ONE OF Sir Mark’s descendents is his great-granddaughter, the author
Plum Sykes. ‘It is rather grisly, but it is a great story,’ she says.
‘It is such a shame he died so young. People said he could have gone
on to great things.
‘He was a modest man, but I think he would have been very proud if
he’d known what an amazing thing he could achieve after his death.’
Whether the scientists are successful will depend on the state of
the body. Certainly, cadavers buried in lead coffins can be well
preserved. Some, after two centuries, have looked almost as fresh as
the day they were buried.
It is supposed that a combination of hermetic sealing and the action of
lead compounds from the coffin itself cause the action of putrefaction
to slow.
When the coffin is opened, full safety procedures will be in place,
including the wearing of isolation suits. Nevertheless, surely there
is still a chance that the plague which caused so much death and
destruction in 1918 could escape to do the same thing again?

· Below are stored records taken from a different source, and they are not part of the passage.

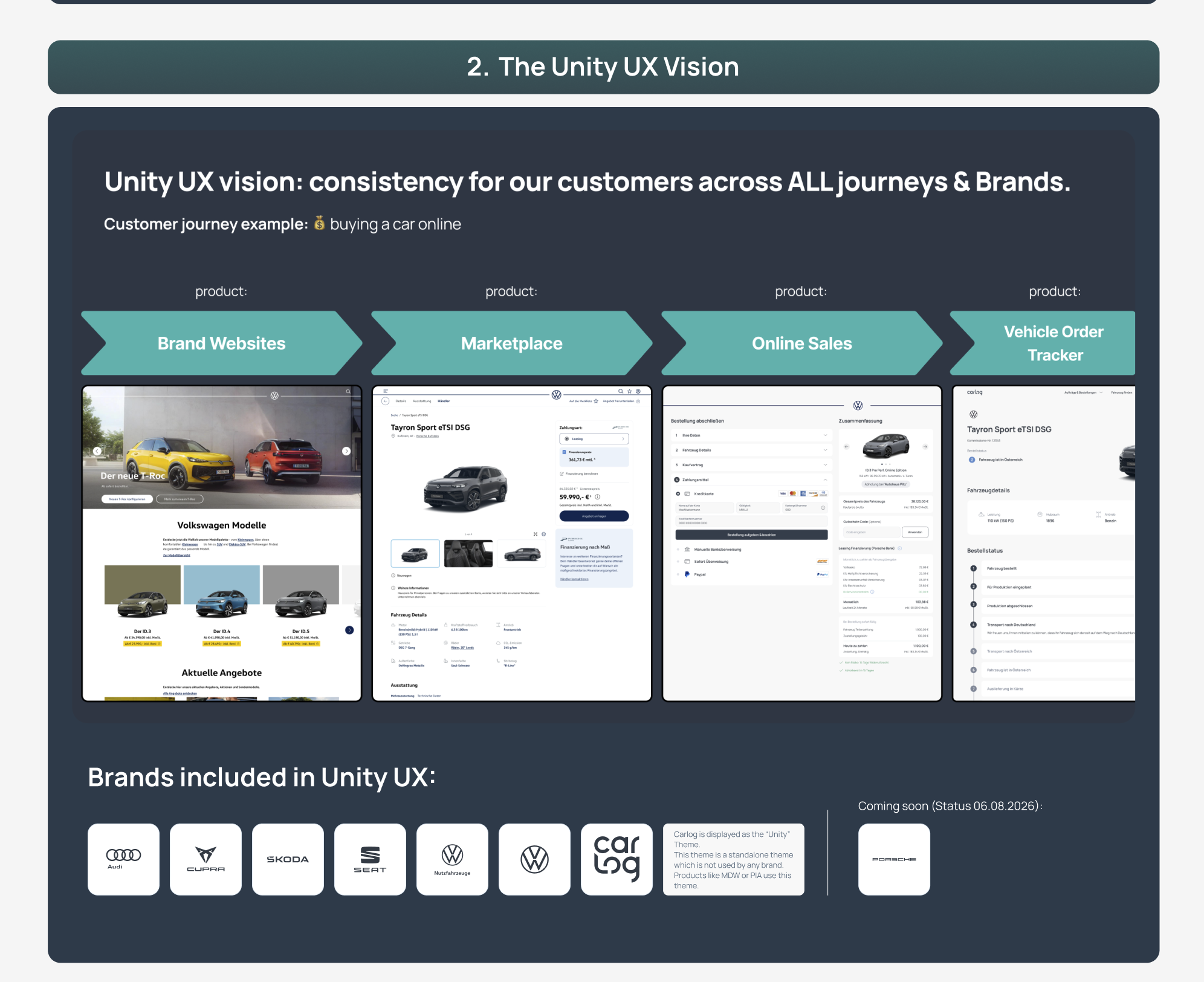 Unity UX vision showing one connected customer journey across products and Volkswagen Group brands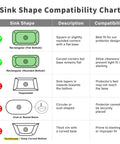 Sink shape compatibility chart showing which sinks fit the Badass Heavy Duty 304 Stainless Steel Sink Protector Grid.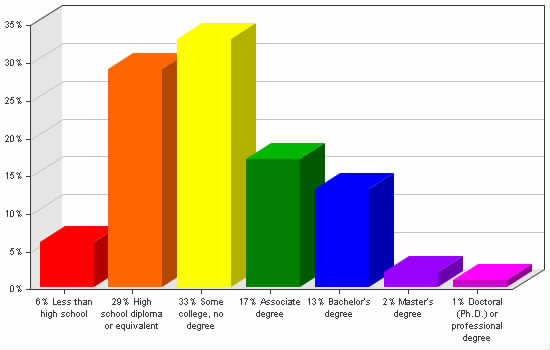 Chart showing education levels: Less than high school 6%; High school diploma or equivalent 29%; Some college, no degree 33%; Associate degree 17%; Bachelor's degree 13%; Master's degree 2%; Doctoral (Ph.D.) or professional degree 1%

‘There is no risk,’ Prof Oxford says. ‘The virus will be dead. I’ve
got children and grandchildren. I wouldn’t do this if it were exposing
them to that sort of risk.’
If Prof Oxford is right, then thanks to the late Sir Mark Sykes
science will soon know more about one of the biggest killers of the
20th Century. A fitting end to a very extraordinary life — even if
it occurs nearly 90 years after it came to such a premature close.